Asking for help is not a sign of failure. It is not an admission that you are not enough. In fact, the hardest work you might ever do as a mother is learning to receive kindness from others without twisting it into a reason to feel inadequate. Let us reframe the entire concept. Instead of viewing a request for support as a burden you are placing on someone else, consider it a gift. When you ask your partner to pick up dinner, you are giving them a chance to participate in the life of your family. When you call a friend and admit you are struggling, you are offering her the honor of being trusted with your truth. When you hire a teenager to watch the children for an afternoon, you are creating a paid opportunity for a young person to learn responsibility. Your need for help is not a black hole of demand; it is a space that allows others to step forward and be useful.

Yet the guilt persists. It has deep roots, often planted by an impossible standard of perfection that no living human being could ever reach. Let us be honest with each other: the image of the mother who does it all, who never frays at the edges, who keeps a spotless home and a calm voice and a hot meal on the table every single night, is a fiction. It is a dangerous fairy tale that leaves real women feeling as though they are perpetually behind. The truth is that every mother you admire has asked for help. The mother who seems to have it all together is simply the one who learned to ask a little earlier, a little more often, and without apologizing for her own existence.

Think about what happens when you refuse to ask for assistance. You become brittle. Your patience shortens, your joy evaporates, and the very things you are trying to protect—the warmth of your household, the happiness of your children—begin to suffer because you are running on fumes. The worst version of yourself is not the version that asks for a break. The worst version of yourself is the exhausted, resentful one who has reached the end of her rope and snapped. You owe it to your children to not become that version. You owe it to yourself to ask before you break. There is profound bravery in saying the words: I cannot do this alone right now.

Perhaps the hardest person to ask is yourself. You must give yourself permission to need. This permission does not come in a grand proclamation. It arrives in small, quiet moments of surrender, like deciding to buy the pre-cut vegetables at the grocery store even though you know how to cut them yourself. It comes when you ask your mother-in-law to watch the baby for an hour so you can take a real shower, not a seventy-second rinse while listening for a cry. It comes when you let a friend bring over a casserole without feeling the need to return the favor immediately. You do not have to keep a ledger of debts and payments in your relationships. Good people give freely, and when you hold yourself back from receiving, you rob them of the joy of generosity.
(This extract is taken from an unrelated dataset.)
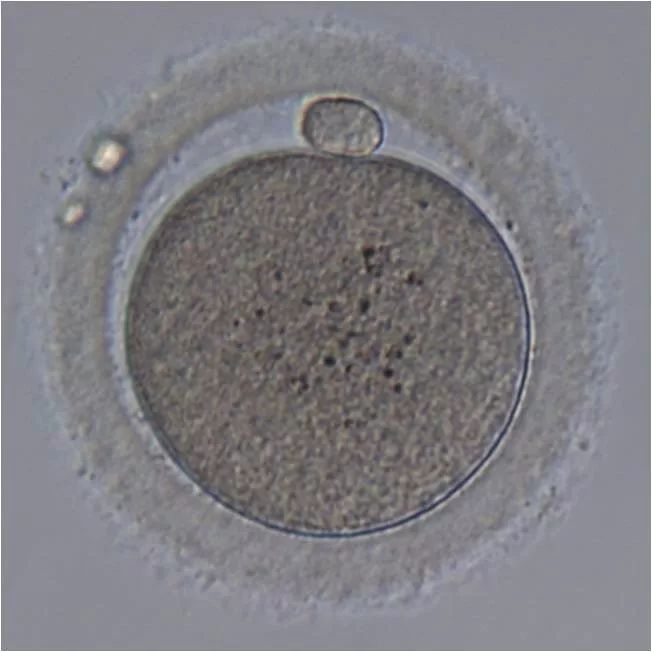 图1 mii成熟卵子图2 精子体外受精的方式包括常规体外受精(ivf)和卵母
The next time that guilt creeps in, try a simple trick. Do not argue with the guilt. Acknowledge it. Say to yourself, I notice that I feel guilty for asking for help. Thank you, guilt, for trying to protect me from being a burden. But I am not a burden. I am a human being with limits, and I am allowed to have them. Then take a deep breath and make the ask anyway. The first time will feel strange. The tenth time will feel less strange. By the hundredth time, it will feel like breathing.

You are not meant to carry this weight alone. Motherhood was never designed to be a solitary endeavor. For thousands of years, mothers raised children in villages, surrounded by sisters, aunties, grandmothers, and neighbors who were woven into the fabric of daily life. That village still exists, though it may look different now. It is made of text messages and playdates and the kind friend who offers to take your kids to the park on a Tuesday afternoon. All you have to do is reach out your hand. Let them hold it.